Note to self: Never try to modify your examples in realtime during a presentation, to show an idea that just came through your mind: You might succeed.

The problem

We have an old pre-C++11 class:

class C {
    string _s;
public:
    C(const string &s) : _s(s) {}
    const string &get() const { return _s; }
};

As you can see, class C contains a function get() which returns a reference to its internal state. In normal code, we must take care not to use this reference after our class has been destroyed. This was quite an improbable event in pre-C++11,  since, if we were good programmers, we probably never returned any complex object (like an object of type C) from a function, by value.

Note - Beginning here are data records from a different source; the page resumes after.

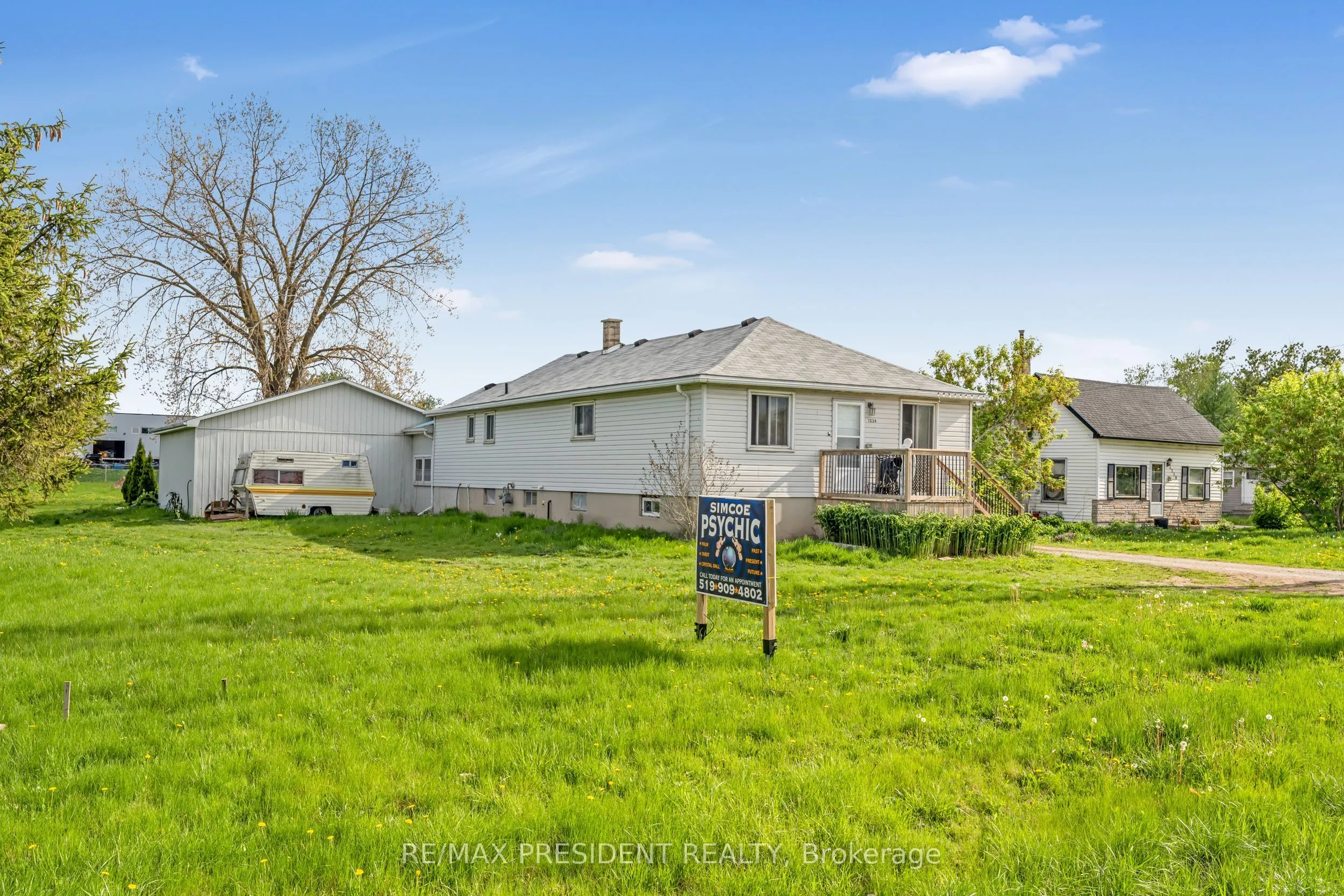 1224 Parkinson Road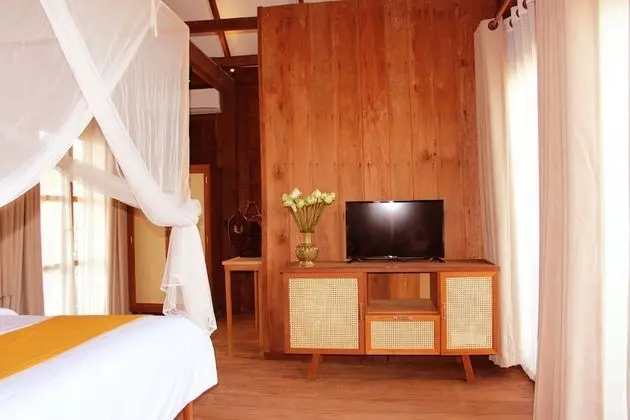 Private Pool Bungalow - Free Pickup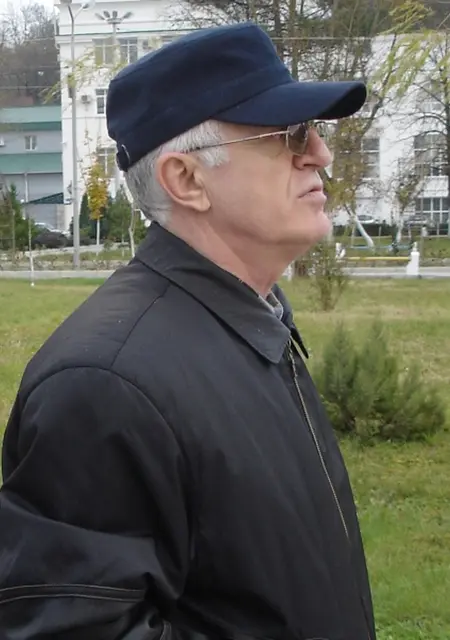 Я Феликс, 63, знакомлюсь без обязательств в Новороссийске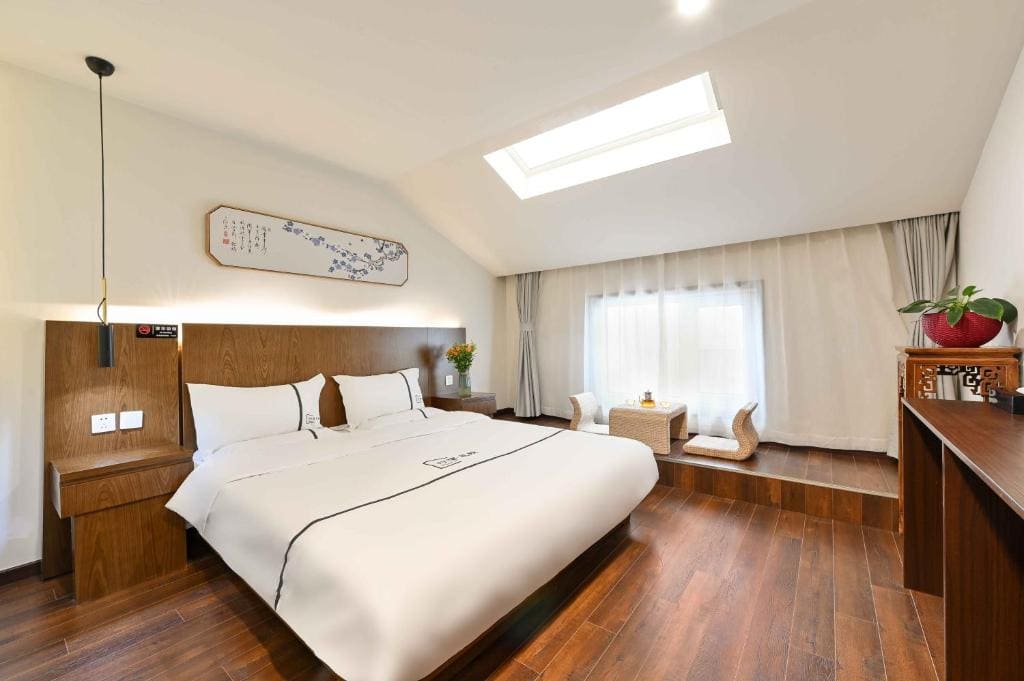Skylight Double Room room - Image 2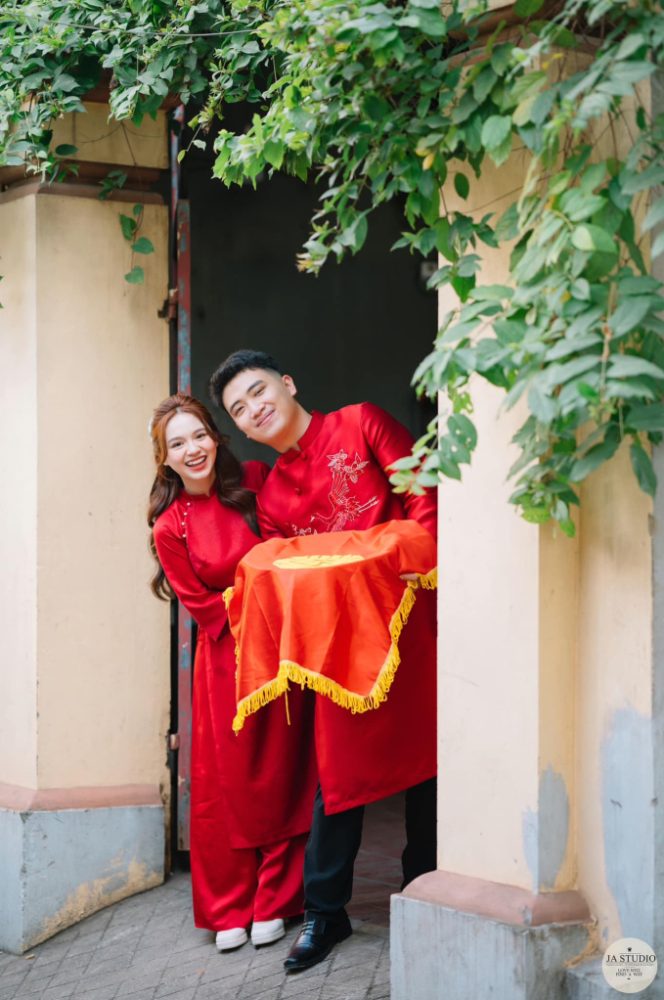 Top các cô dâu gây bão mạng, khiến hội "ăn cưới online" tan chảy với loạt khoảnh khắc xinh đẹp hút hồn - Ảnh 1. Top các cô dâu gây bão mạng, khiến hội "ăn cưới online" tan chảy với loạt khoảnh khắc xinh đẹp hút hồn - Ảnh 1.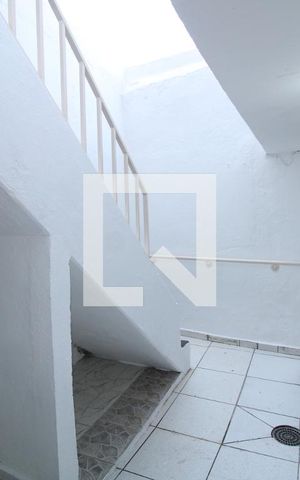 Casa para alugar com 60m², 1 quarto e sem vagaQuintal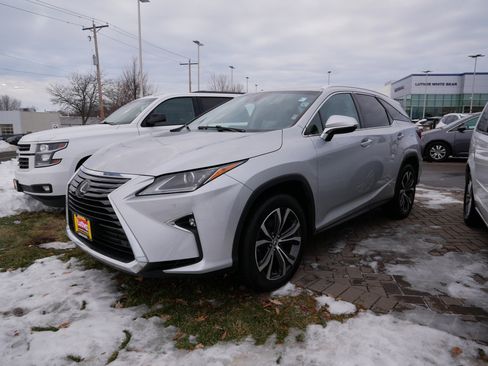 Used 2018 Lexus RX 350L w/ Premium Package image 3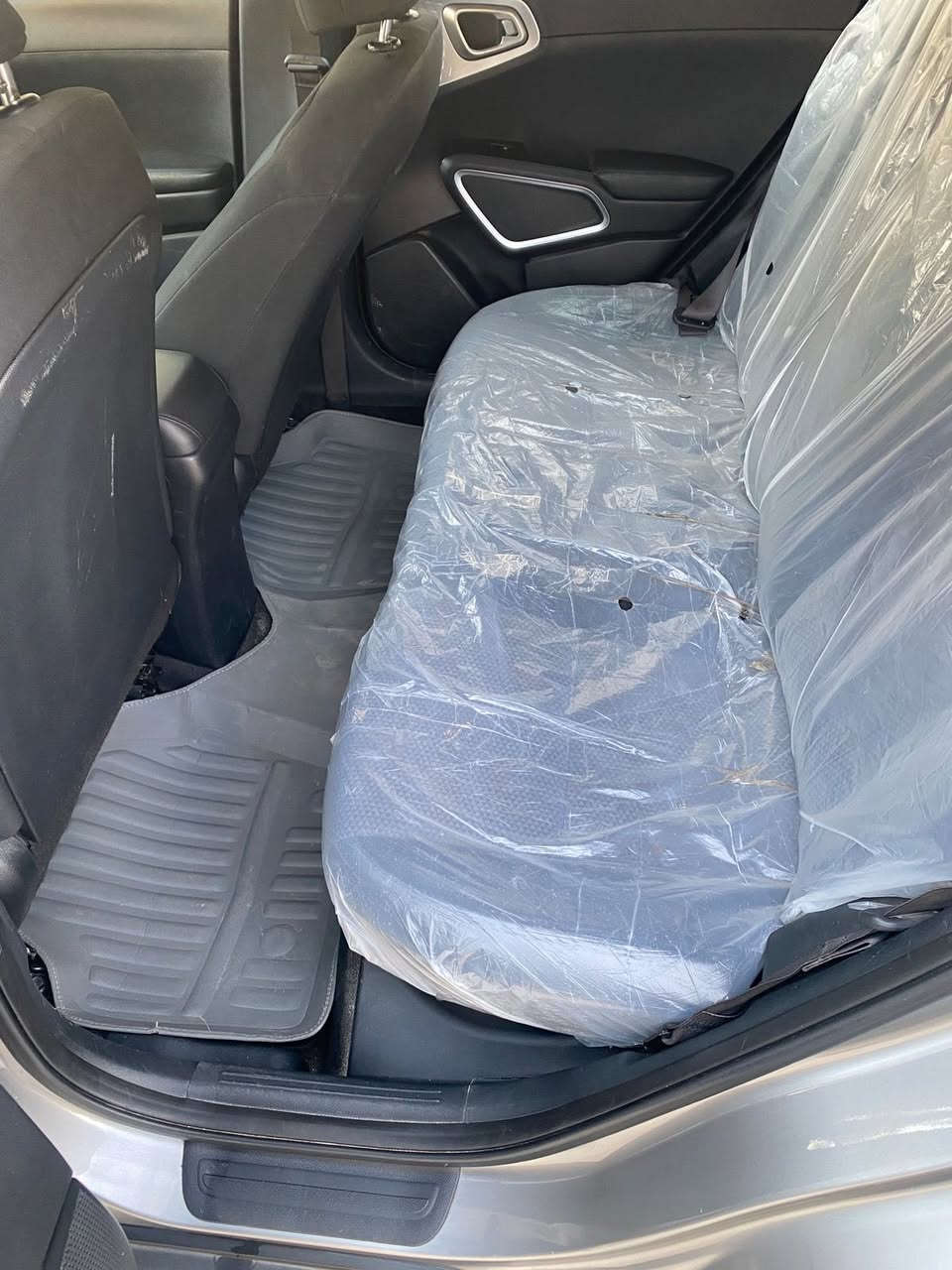 كيا صول مديل 2023 رقم بغداد 
حادث موضح بالصور 
صبغ صفحة كاملة 
السيارة جاهزة وأي نقص مابيها 
مكانها بغداد حي النصر 
السعر 125 بيها مجال للشراي 
اني مكلف بالنشر
بيع فقط بدون مراوس 
رقم صاحب السيارة 

‭***********‬
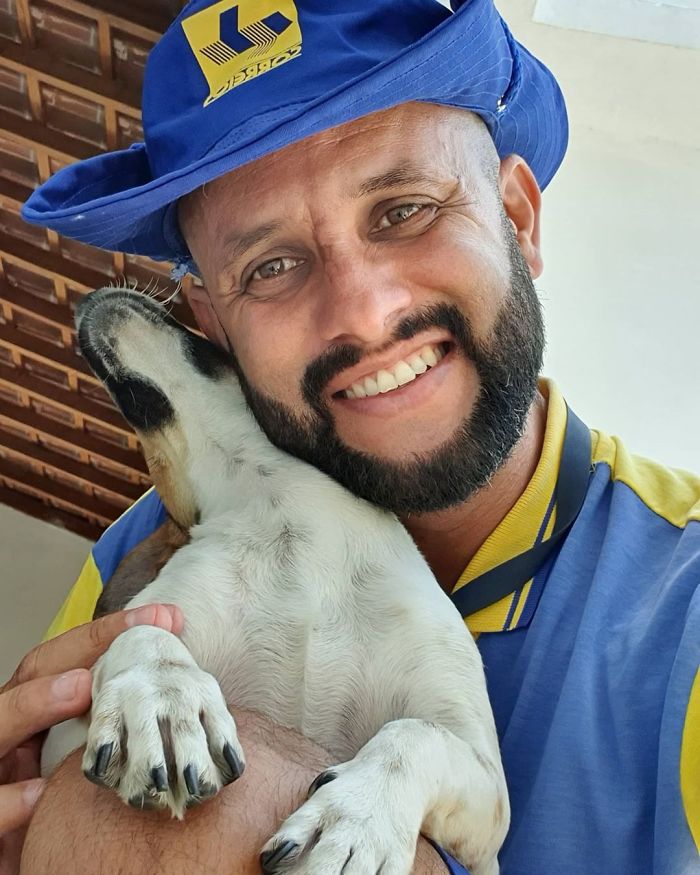 This Brazilian Postman Breaks The Stereotype That Dogs Don't Like Postmen (120 Pics)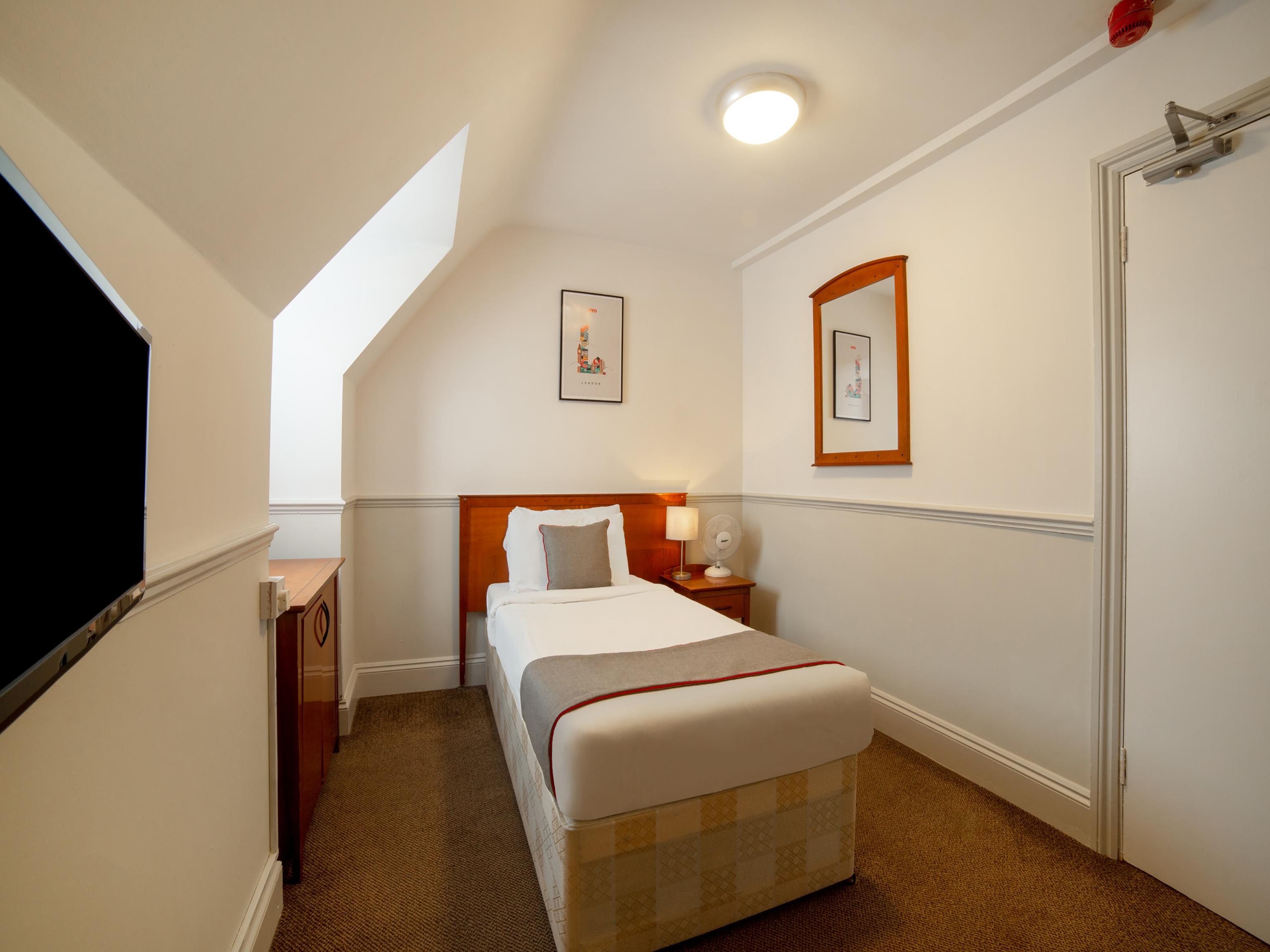 Oyo London Luton Hotel Bagian luar foto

In C++11, thanks to move semantics, this class will receive an automatic upgrade to have move constructors, so in our brand new code it’s quite efficient to write something like:

C f() {
    return C("test");
}

In how many ways can we capture the return value of this function?

1. Direct use

We can use the returned value directly:

cout << f().get();

This is safe: f() returns a temporary instance of C, which is kept alive until the end of the full statement (until the semicolon).

2. Store the object in a local variable

Create the object, store it in a new variable, and then do the get together with the usage

C c = f();
cout << c.get();

This is also safe: the variable c play the role of the temporary in previous example, but its life is now even bigger, being the enclosing scope of our statements.

3. Store the object in a local variable and the string in a reference

We can additionally store the result of get() in a temporary reference for later use

C c = f();
const string &s = c.get();
cout << s;

That’s the same as before, but the visibility of variable s is now extended to the full enclosing scope. This is safe, because c‘s lifetime is also the full enclosing scope.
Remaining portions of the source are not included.